### [Task brief]
Would you transcribe the whole listing exactly, minus its pictures?

### [Recorded data]
******

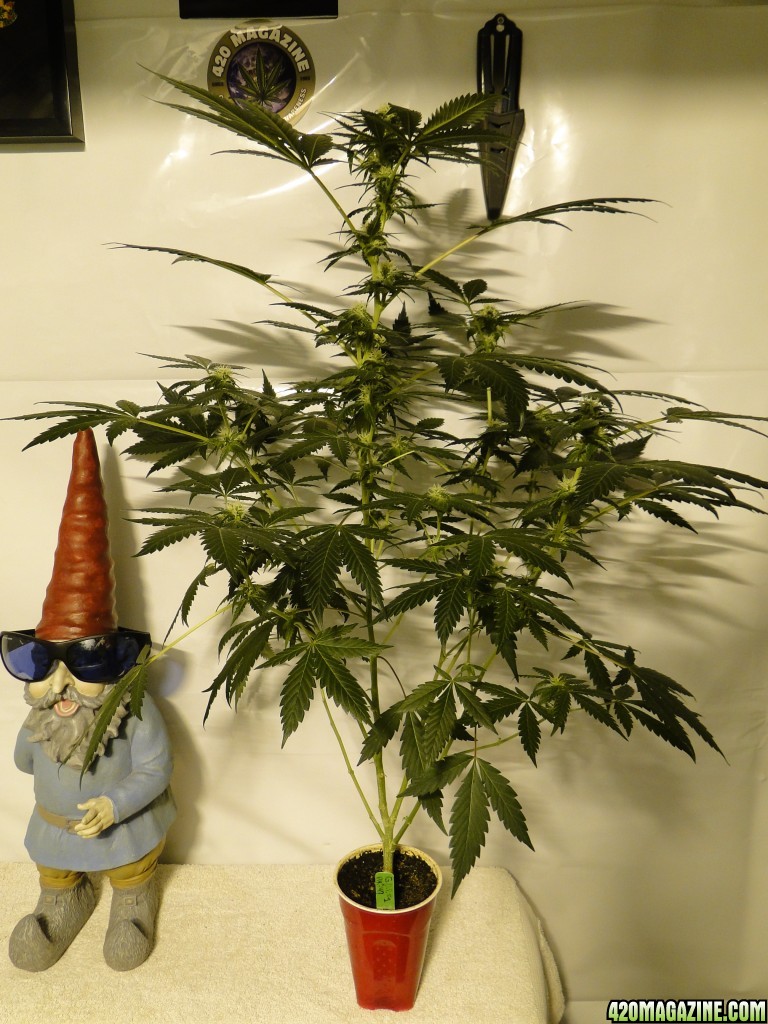 2017 Solo Cup Grow-AK-47 x G.D.P.-Day 21 of Flowering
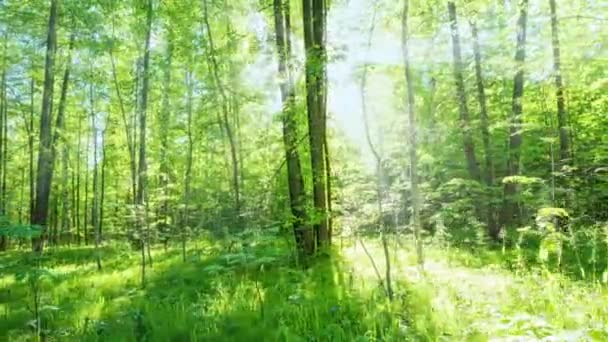 Linda manhã de verão na floresta. Os raios solares rompem a folhagem da magnífica árvore verde. Floresta mágica de verão — Vídeo de Stock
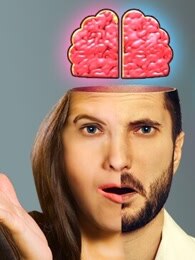 bbc:你的大脑是男是女?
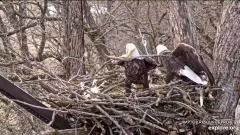 2024-12-06 20_52_42-Decorah Eagles - North Nest - 4k powered by EXPLORE.org - YouTube – Maxthon.png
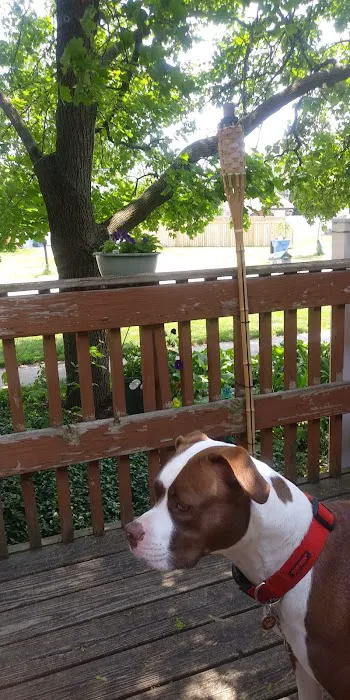 Northwest Animal Hospital Picture 4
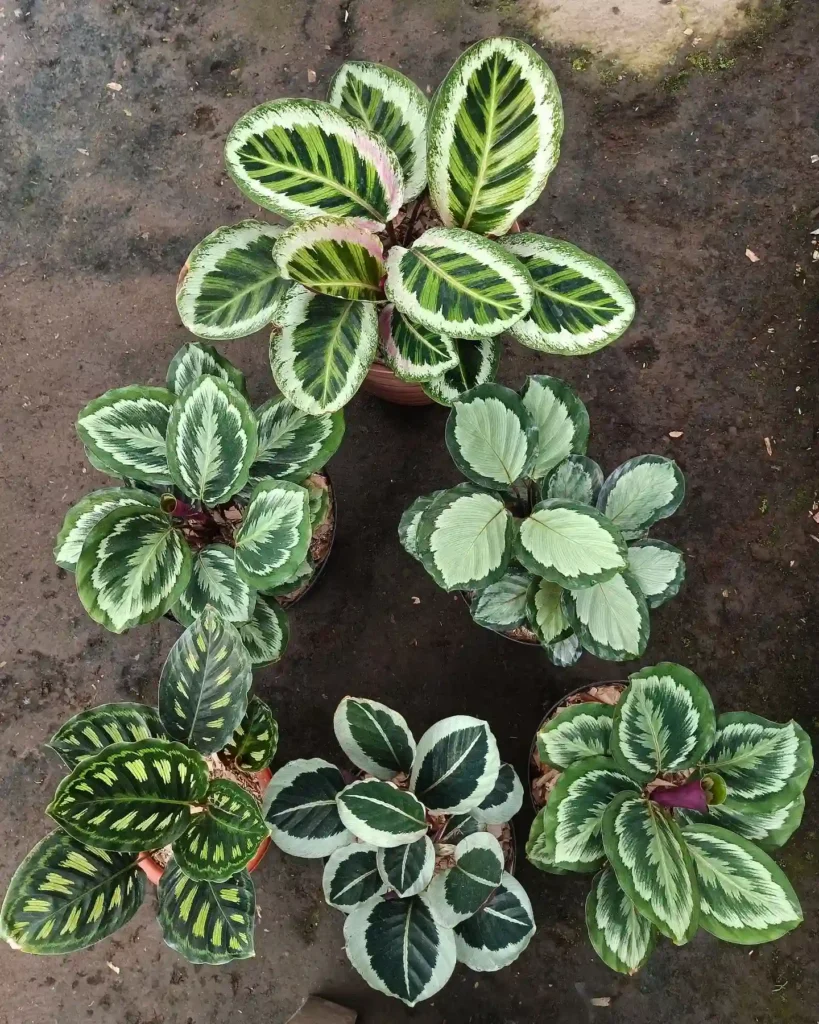 Calathea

******

### [Output]
 2017 Solo Cup Grow-AK-47 x G.D.P.-Day 21 of Flowering
 Linda manhã de verão na floresta. Os raios solares rompem a folhagem da magnífica árvore verde. Floresta mágica de verão — Vídeo de Stock
 bbc:你的大脑是男是女?
 2024-12-06 20_52_42-Decorah Eagles - North Nest - 4k powered by EXPLORE.org - YouTube – Maxthon.png
 Northwest Animal Hospital Picture 4
 Calathea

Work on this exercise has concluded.